• [WHAT THE TASK REQUIRES]: Exclude the pictures and set down, unaltered, the lines from the one that holds "Chia Seed Biscuits" through the end of the data.

• [SUPPLIED RECORDS]:

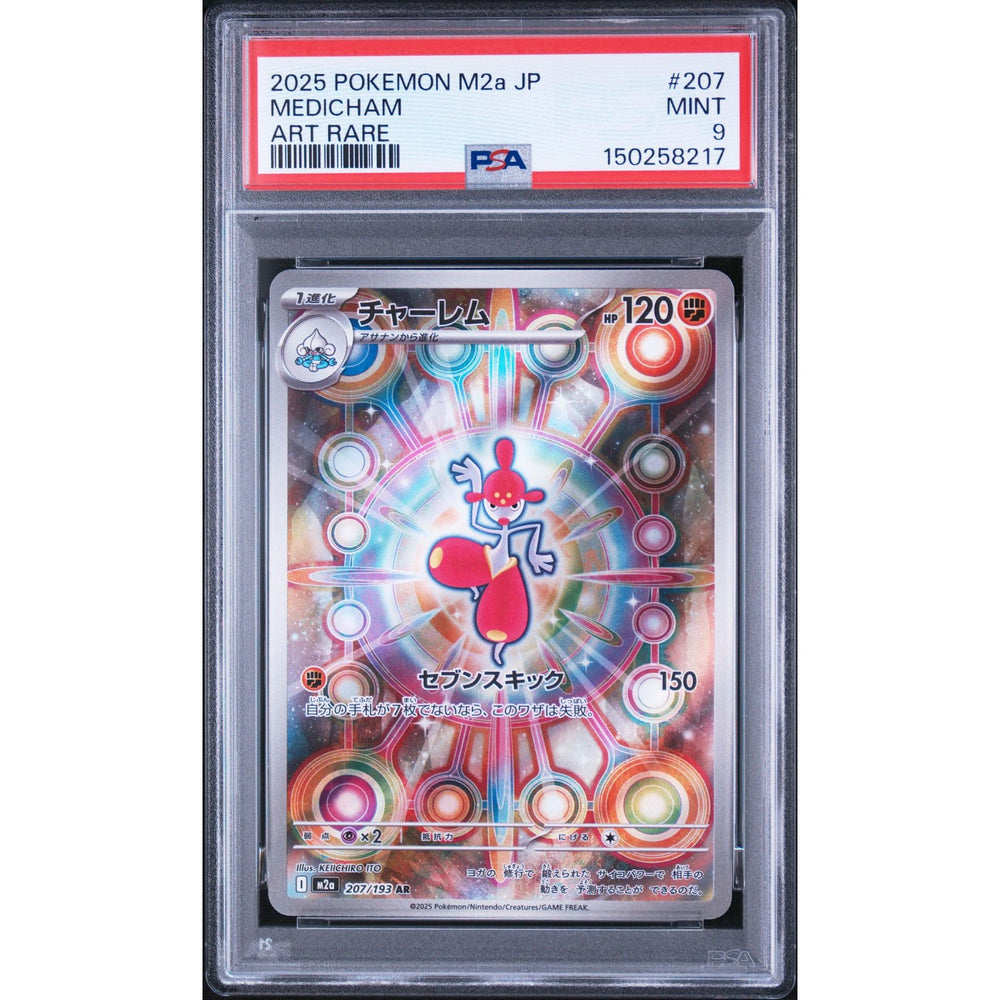 Pokémon TCG: Medicham #207 PSA 9 - Japanese
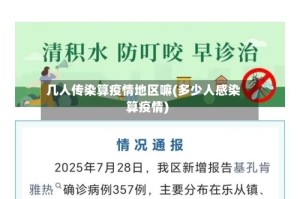 几人传染算疫情地区嘛(多少人感染算疫情)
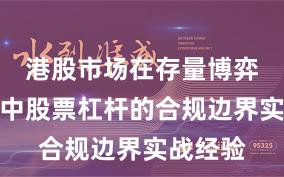 港股市场在存量博弈格局中中股票杠杆的合规边界实战经验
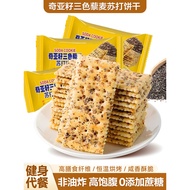 Chia Seed Biscuits Tricolor Quinoa Soda Salty Biscuits Cane-Free Alkaline Foods Delicious High-End S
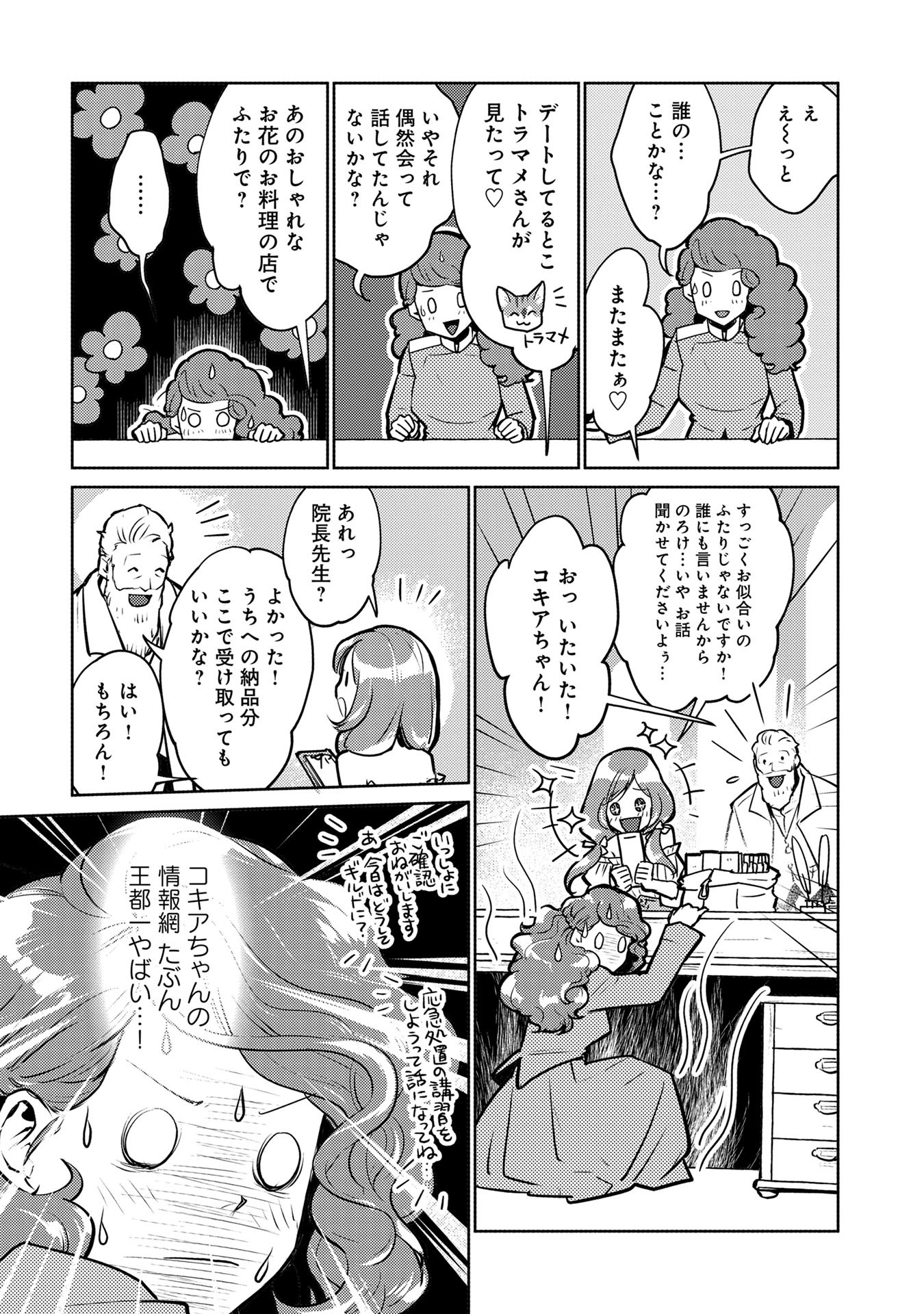 31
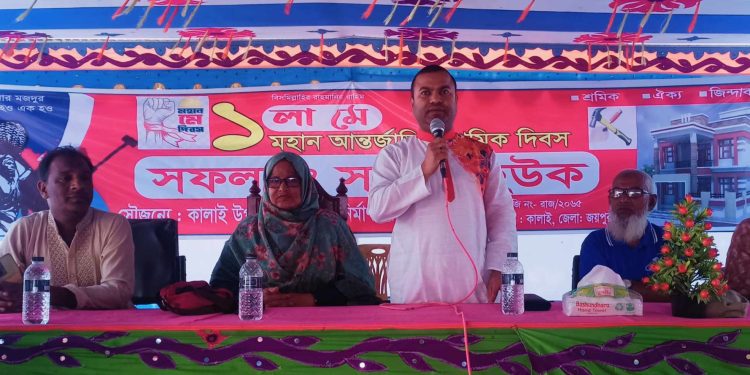 কালাইয়ে আন্তর্জাতিক মহান মে দিবস পালিত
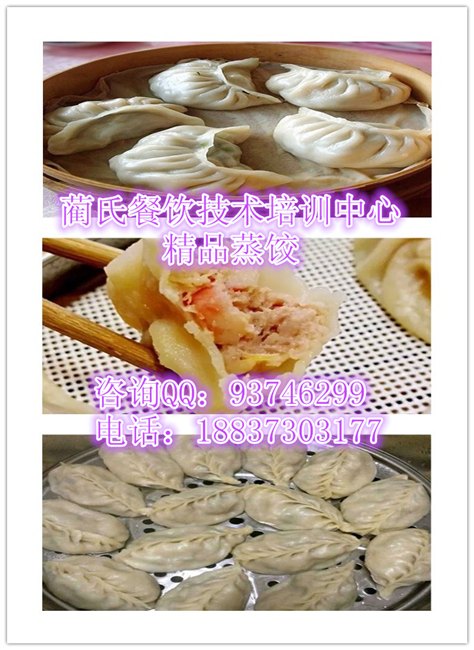 10年老店金牌蒸饺转让技术专业蒸饺馅料技术加盟山西小吃培训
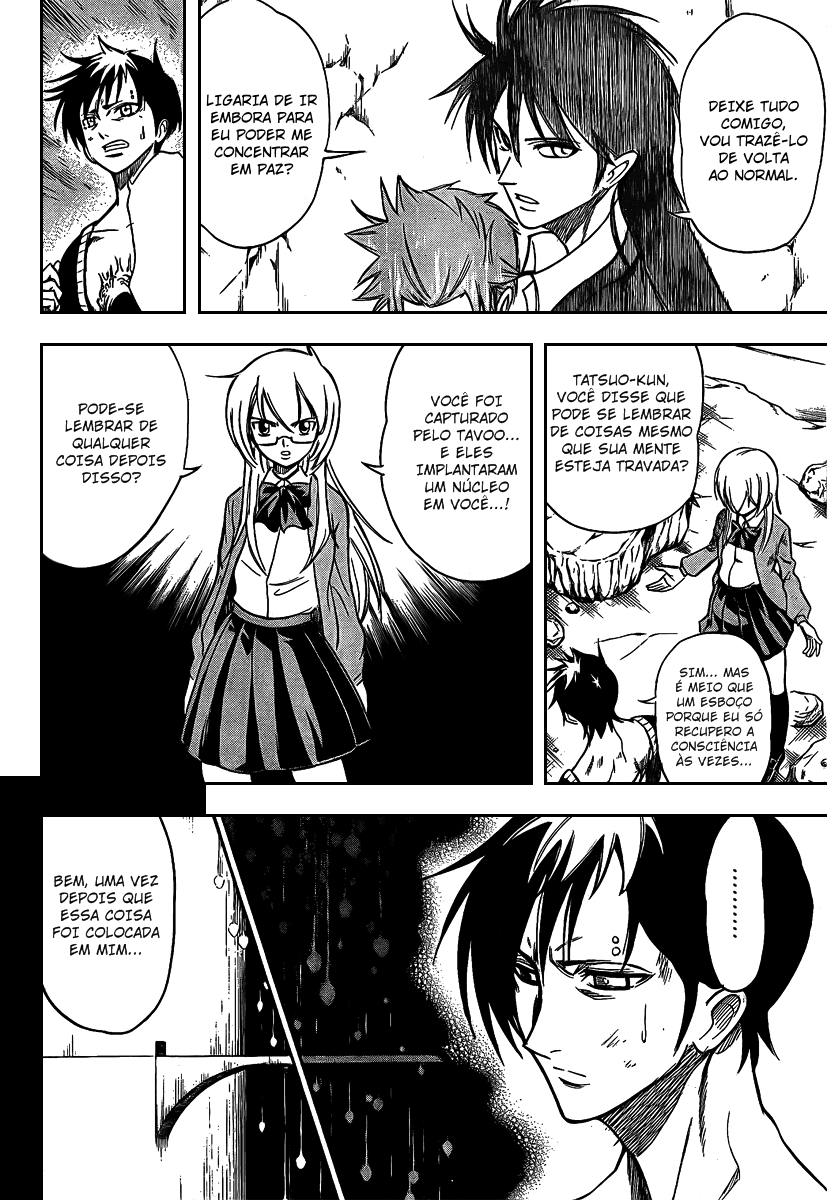Read Psyren PT Manga Online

• [OUTPUT BELOW]:
 Chia Seed Biscuits Tricolor Quinoa Soda Salty Biscuits Cane-Free Alkaline Foods Delicious High-End S
 31
 কালাইয়ে আন্তর্জাতিক মহান মে দিবস পালিত
 10年老店金牌蒸饺转让技术专业蒸饺馅料技术加盟山西小吃培训
Read Psyren PT Manga Online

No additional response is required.